A volte, guardare e ascoltare non sono semplicemente due azioni che si compiono in uno spazio circoscritto e in un tempo definito, ma diventano esperienze interiori che richiamano conoscenze antiche e aprono orizzonti universali. L’omaggio a Dante di Guero, nell’anno in cui si celebrano i 700 anni dalla morte del sommo poeta, si configura esattamente come un’esperienza di questo tipo e vuole proporre allo spettatore un viaggio nell’anima, e nella storia personale e collettiva. Le parole delle tre Cantiche assumono la forma e la dinamicità del colore e diventano immagini vive grazie ai suoni e alle note sapientemente concepite per realizzare un percorso dal buio alla luce, dall’indeterminatezza tipica dell’angoscia e del senso di abbandono dell’Inferno, fino alla limpida gloria e all’essenziale chiarezza di forme del Paradiso.

L’elettronico fondo tenebroso conduce al suono cupo dei passi di Caronte, mentre le linee verticali, sospese all’orizzonte, cadono dall’alto schiacciando, umiliando e deformando. Il rosso doloroso del fuoco infernale diventa un tumulto sempre più assordante di suoni carichi di tensione e si annulla nell’esclusivo gioco di chiaro - scuro che definisce contorni oppressi e soffocati. Le barche grigie e lacerate urlano le dolenti note infernali: si odono fiamme, fuoco e lamenti graffianti; si percepisce lo smarrimento e la desolazione del dolore assolutamente inconsolabile.

Il Purgatorio è senza forma, senza soggetto: le pennellate decise suggeriscono un pendolo che oscilla, come l’arco sulle corde, scandendo un tempo che sembra infinito ma che non lo è: le anime vane, attendono di espiare le loro colpe per poter raggiungere il Paradiso. Il movimento doloroso che parte dal basso, dal cupo della voragine infernale, sanguina e soffre ma, verso l’alto, lascia intravedere un’apertura di luce.

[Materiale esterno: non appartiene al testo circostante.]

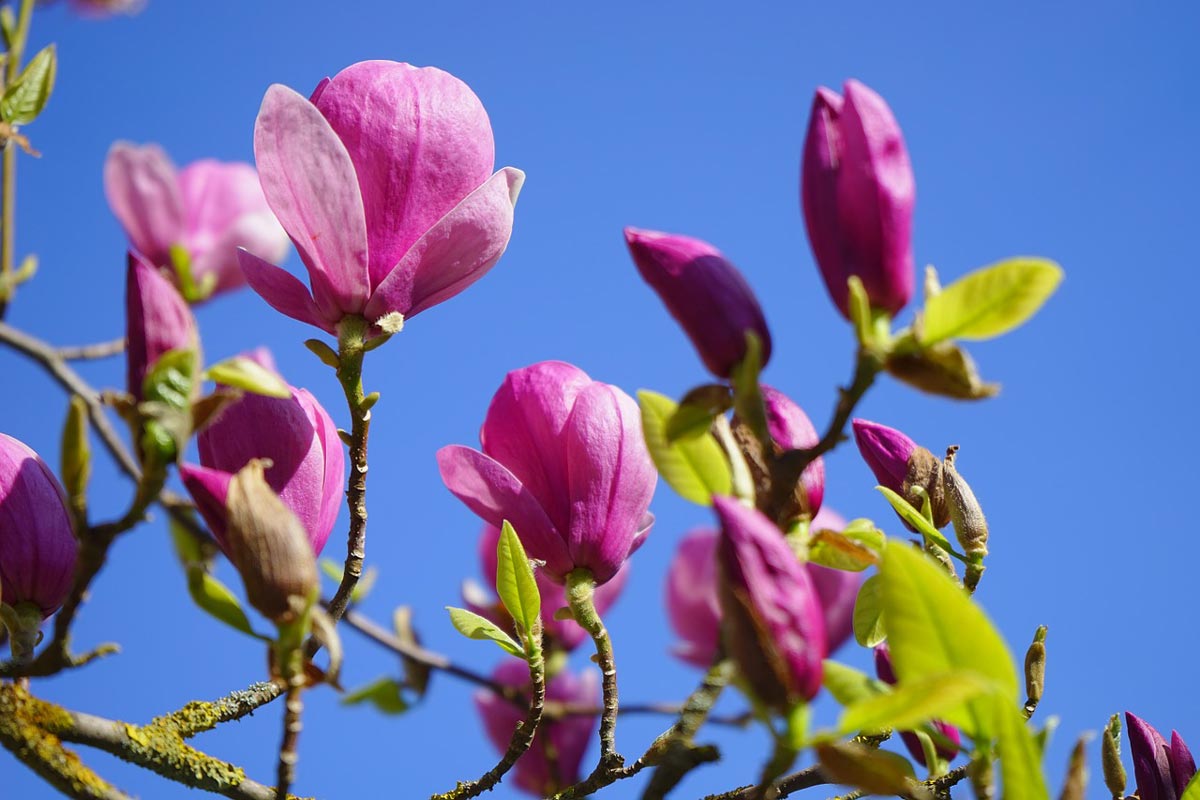 Jane Magnolia for Sale Buying & Growing Guide
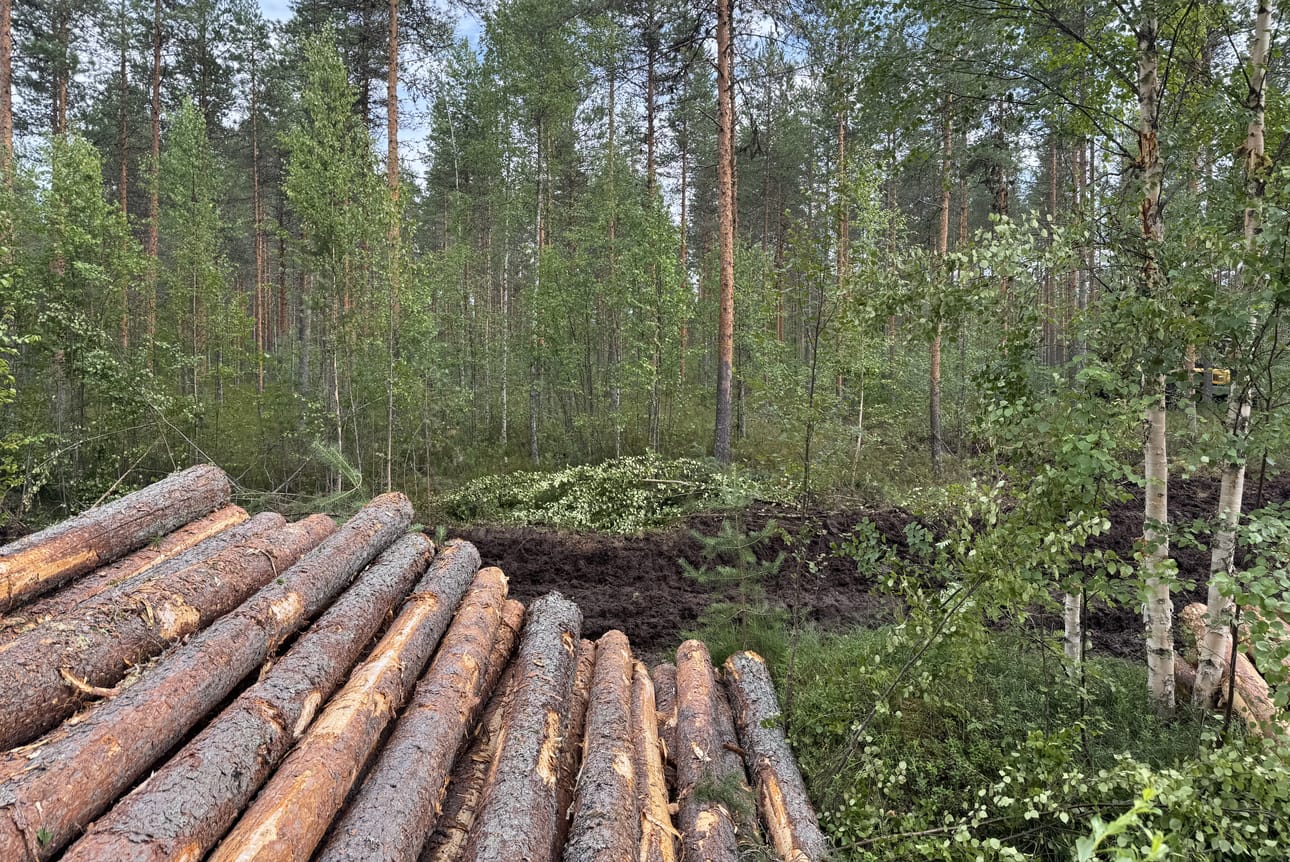 Metsänhakkuut muuttavat maisemaa. Kuvituskuva.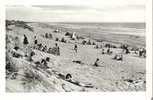 CPSM Noir Et Blanc BRETIGNOLLES SUR MER  La Plage Des Dunes - Bretignolles Sur Mer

Finalmente, il Paradiso! Figure essenziali per forme e colori si stagliano nella luce d’oro che non chiede altro che di essere contemplata. Non c’è bisogno di nulla, ogni anima è nuova e vive di beatitudine e gloria. Il desolante smarrimento e l’attesa struggente si trasformano in un’atmosfera di armonia leggera e luminosa. I corpi allungati non necessitano dei sensi: niente mani, né occhi, né piedi, né orecchie. Nel libero orizzonte di pace, ogni anima basta a sé stessa, c’è solo una coppia: Dante e Virgilio, forse, colti nell’attimo prima di separarsi, rapiti dall’Eterna Bellezza.

La solitudine è abitata, l’anima è avvolta e vivificata dalla luce che si fa musica. In questo lavoro, Guero ha senza dubbio espresso in modo estremamente efficace la sua straordinaria sensibilità e versatilità artistica, coniugando musica e pittura e conducendo, così, lo spettatore all’emozione, alla memoria e alla catarsi.